Building a Memorial Honoring Martin Luther King, Jr.


Martin Luther King, Jr. National Memorial in Washington, DC
© Rachel Cooper, licensed to About.com, Inc.
The Martin Luther King, Jr. National Memorial in Washington, DC honors Dr. King’s national and international contributions and vision for all to enjoy a life of freedom, opportunity, and justice. Congress passed a Joint Resolution in 1996 authorizing the construction of the Memorial and a foundation was created to "Build the Dream", raising the estimated $120 million required for the project. One of the most prestigious sites remaining on the National Mall was selected for the memorial for Martin Luther King, Jr., adjacent to the Franklin D. Roosevelt Memorial, between the Lincoln and Jefferson Memorials. It is the first major memorial along the National Mall to be dedicated to an African-American, and to a non-president. The Martin Luther King Jr. Memorial opened to the public on August 22, 2011.
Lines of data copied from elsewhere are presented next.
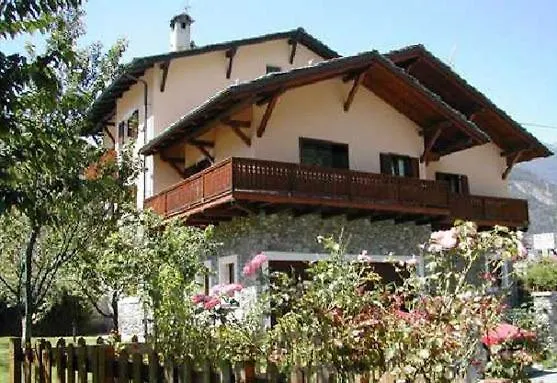 Affittacamere Au Chateau Blanc Bed & Breakfast Arvier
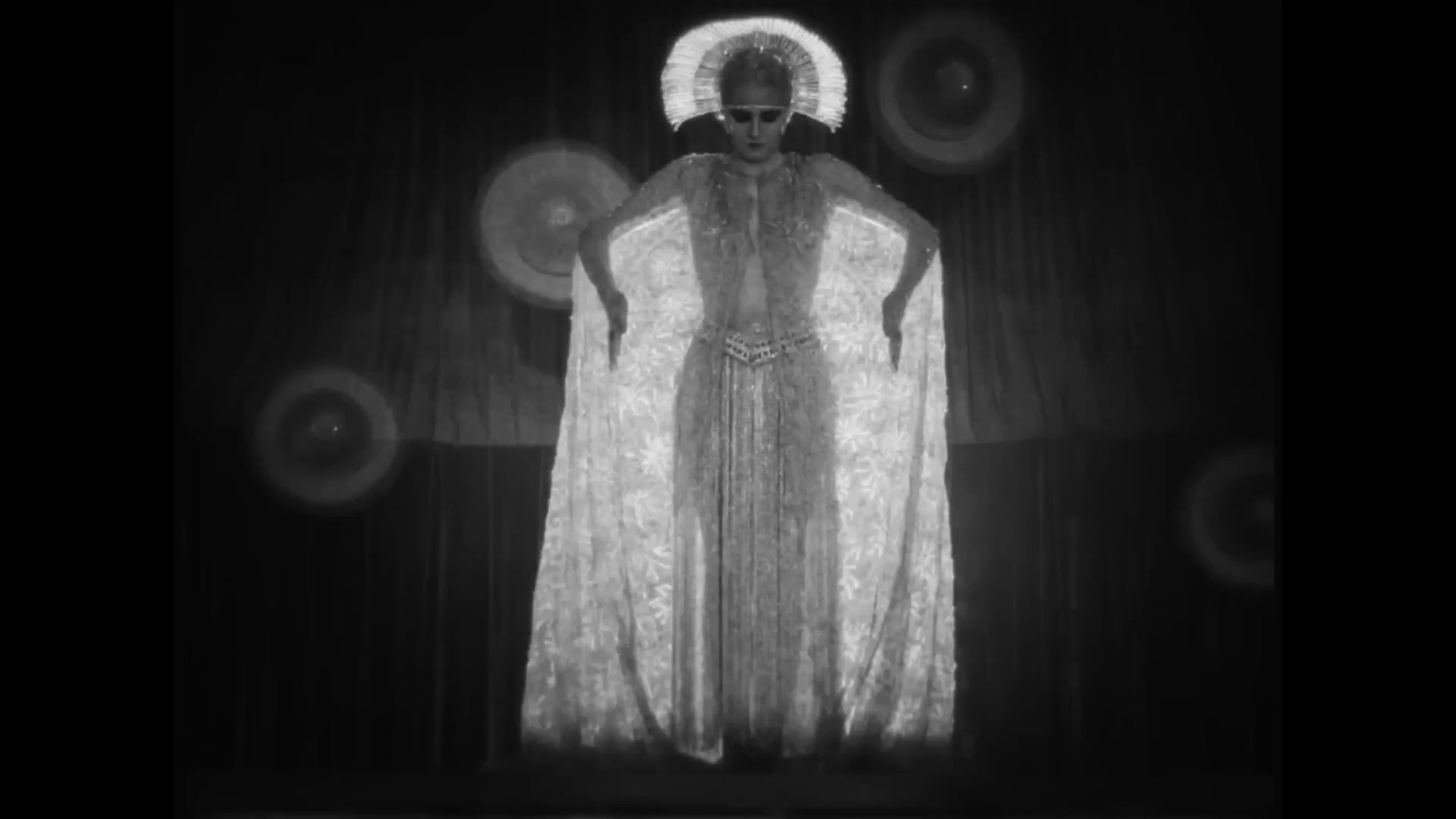 10 Amazing Black-and-White Sci-Fi Movies That Still Hold Up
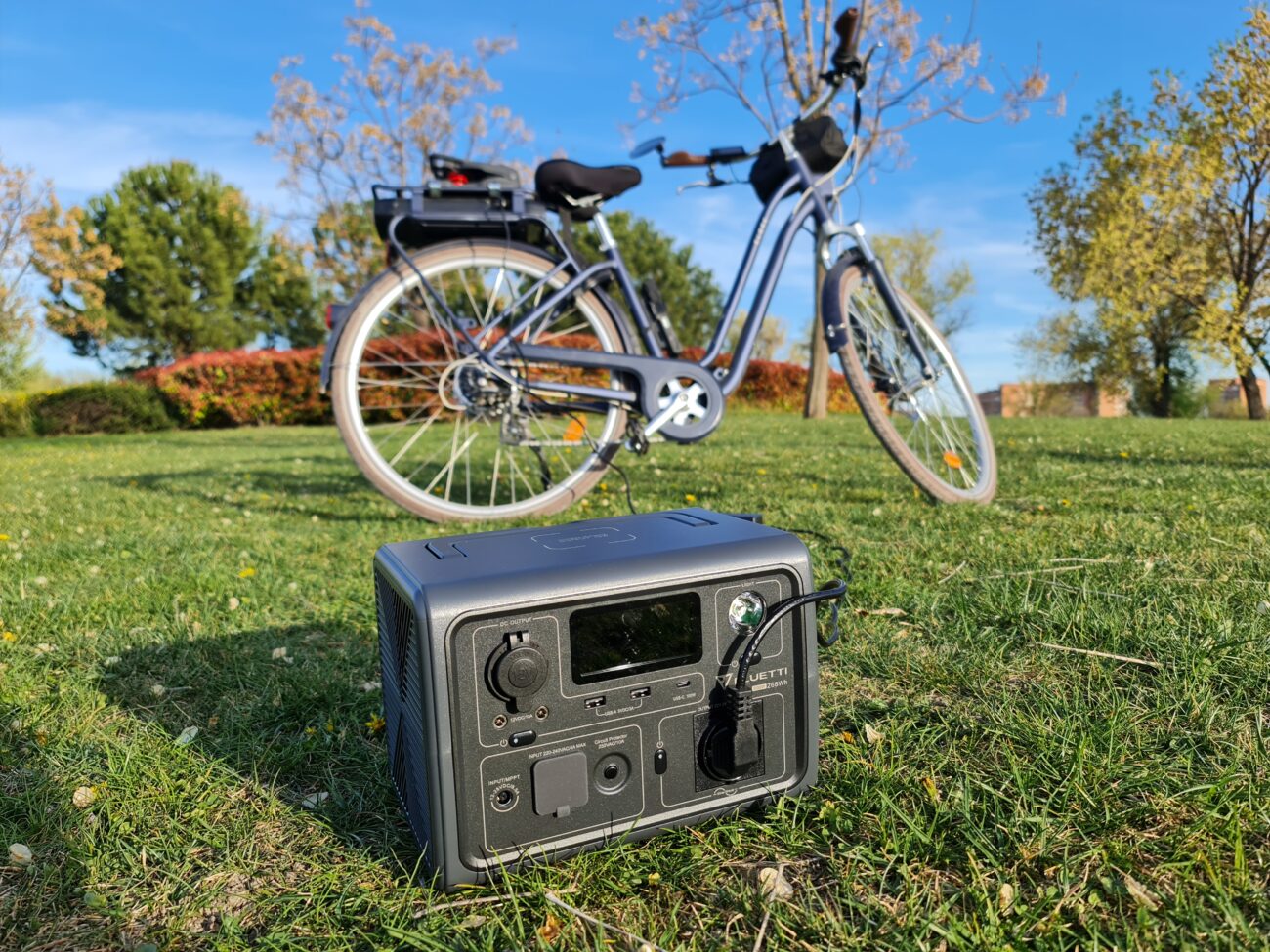 Cargar una bicicleta eléctrica con el sol gracias a la EB3A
See Photos of the Martin Luther King Memorial

Location and Transportation

The Martin Luther King, Jr. National Memorial is located on the northwest corner of the Tidal Basin at the intersection of West Basin Drive SW and Independence Avenue SW, Washington DC. Entrances to the Memorial site are located at Independence Avenue, SW, west of West Basin Drive; Independence Avenue, SW, at Daniel French Drive; Ohio Drive, SW, south of the Ericsson Statue; and Ohio Drive, SW, at West Basin Drive. Parking is extremely limited in the area, so the best way to get to the Memorial is by public transportation. The closest metro stations are Smithsonian and Foggy Bottom. (approximately a one-mile walk). See a guide to parking near the National Mall.

Design of the Martin Luther King Memorial

The Memorial conveys three themes that were central throughout Dr. King’s life – democracy, justice, and hope. The centerpiece of the Martin Luther King, Jr. National Memorial is the “Stone of Hope”, a 30-foot statue of Dr. King, gazing into the horizon and concentrating on the future and hope for humanity. The sculpture was carved from 159 granite blocks that were assembled to appear as one singular piece. There is also a 450-foot inscription wall, made from granite panels, that is inscribed with 14 excerpts of King's sermons and public addresses to serve as living testaments of his vision of America. Landscape elements of the Memorial include American Elm trees, Yoshino Cherry Trees, Liriope plants, English yew, jasmine and sumac.

Bookstore and Ranger Station

At the entrance to the Memorial, a bookstore and National Park Service ranger station includes a gift shop, audio visual displays, touch-screen kiosks and more.